Soaking dry beans over nightbefore cooking

I was taught to throw out (or put in the compost) the water that you had soaked the dry beans in. And use fresh water to cook them. I believe the thought was that if you tossed the soaking water the end product would have less gas. Here in Mexico they don’t throw out the soaking water ( and the beans look beautiful) and there is no gas. But, they do use an herb called epazote which is for removing the gas from beans. So, what do you folks do?

Soaking removes a lot of starch from the beans. The excess starch is the cause of the flatulence. The herb is a caminative, which reduces the production of excess gas.

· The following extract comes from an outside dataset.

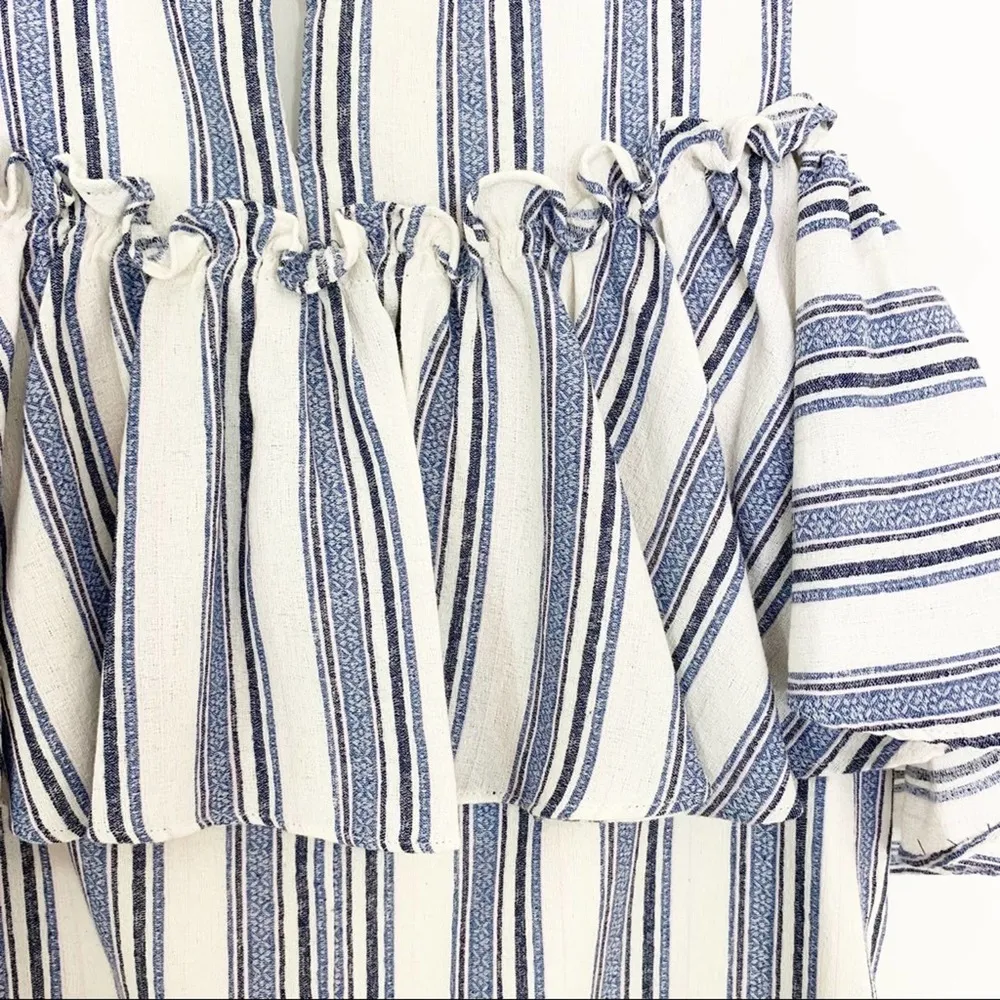 Gianni Bini Mia Striped Ruffle Off Shoulder Cotton Blend Dress Size XS NWT - Image 9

I’ve heard that frequent eating of beans will cause your digestive system to be more effective reducing the amount of gas.

The other advantage of soaking is that it reduces the cooking time.

I rinse 3 times before leaving my beans overnite and then I rinse a couple of times before I cook them the next day and I still get epic gas. YMMV.

I soak overnight and then rinse before cooking them in new water or stock. Recipes I make this way seem to produce notably less flatulence than recipes made with canned beans.

I’ve never cooked with dry beans and not used the overnight soak then rinse method, so no idea how the gassiness compares with those.

Soak and rinse. The “fast soak” method never really works for me. I don’t mind gas, so that isn’t a factor.

I soak and rinse, mostly because TTWWADI. I’ve done the fast-soak a couple of times, and the beans taste just as good. But I’m a traditionalist.

I posted another thread a while ago, but I’ll not it here: The SO made some pinto beans seasoned only with salt and liquid smoke. They really tasted as if they had meat in them.

I don’t soak, I do throw out the cooking water.

I cook up a large pot of beans every week. Sometimes I soak, sometimes I don’t. I can’t see a difference in the results.

Epazote has a wonderful flavor to it, but if you are using it, make sure the flavor is compatible with the rest of the seasonings you plan to use.

Another “gas relief” tradition is to use KOMBU in the soaking/cooking water. This is a dried seaweed you can find in Asian ethnic markets and health food stores. Use a piece about three inches long and include in the soaking water. When you drain the beans the next morning, keep the Kombu in the pot, and then add your cooking water/broth and other ingredients. It will disintegrate while cooking, and not add anything appreciable to the flavor, except a negligible amount of sodium.
~VOW

I usually forget to soak, and I’ve never really noticed a difference in gas production.

Same here. Overnight soak, “fast” soak, or no presoak, it all turns out the same for me. The only difference is cooking time between soaked and unsoaked. None of the “anti-gas” herbs (like epazote or savory) do jack shit for me.

I do the fast soak because I can never plan ahead far enough. It’s easy, it’s fast, it works. I’ve never noticed any lessening of gas, though, in any case.

I put dry beans and water on the crockpot and cook on high for six hours, then discard whatever cooking liquid is left. Don’t seem to have problems with gas.

What?

Thanks for your replies, troops. Rather than start a new thread, I have a tangent. I was taught never to salt the beans until they were cooked tender. Reason being is that if you salt them before, they will be tough. What do you folks think?

Disproven. It’s acid that makes beans tough, not salt. In fact, salting the water is the only way to really get the beans salted, as opposed to just the liquid. Cook’s Illustrated did a test on this a few years ago.

They take much longer to cook, I found that out. To me, not salting something (at least a little) at the start of cooking seems counter-intuitive so it was an easy mistake. Once. I don’t salt everything, but definitely soups, stews, etc. Thought of beans the same way, but not after that.

That’s The Way We’ve Aways Done It.

Yup. I have a slow-cooker Indian chickpeas (kabuli chana) recipe that starts from dry chickpeas and includes tomatoes. It takes 14 hours on high to cook through. Throw plain dry chickpeas and water in a crockpot with some salt and you can cook them in a couple hours. I tried this recipe at about 10-11 hours and they were definitely still undercooked.

I guess chemically speaking I don’t understand what the difference between salt and acid could be; they all dissociate into ions. Not disputing Cook’s findings, just wondering what the whole story is. One specific ion does it, I guess?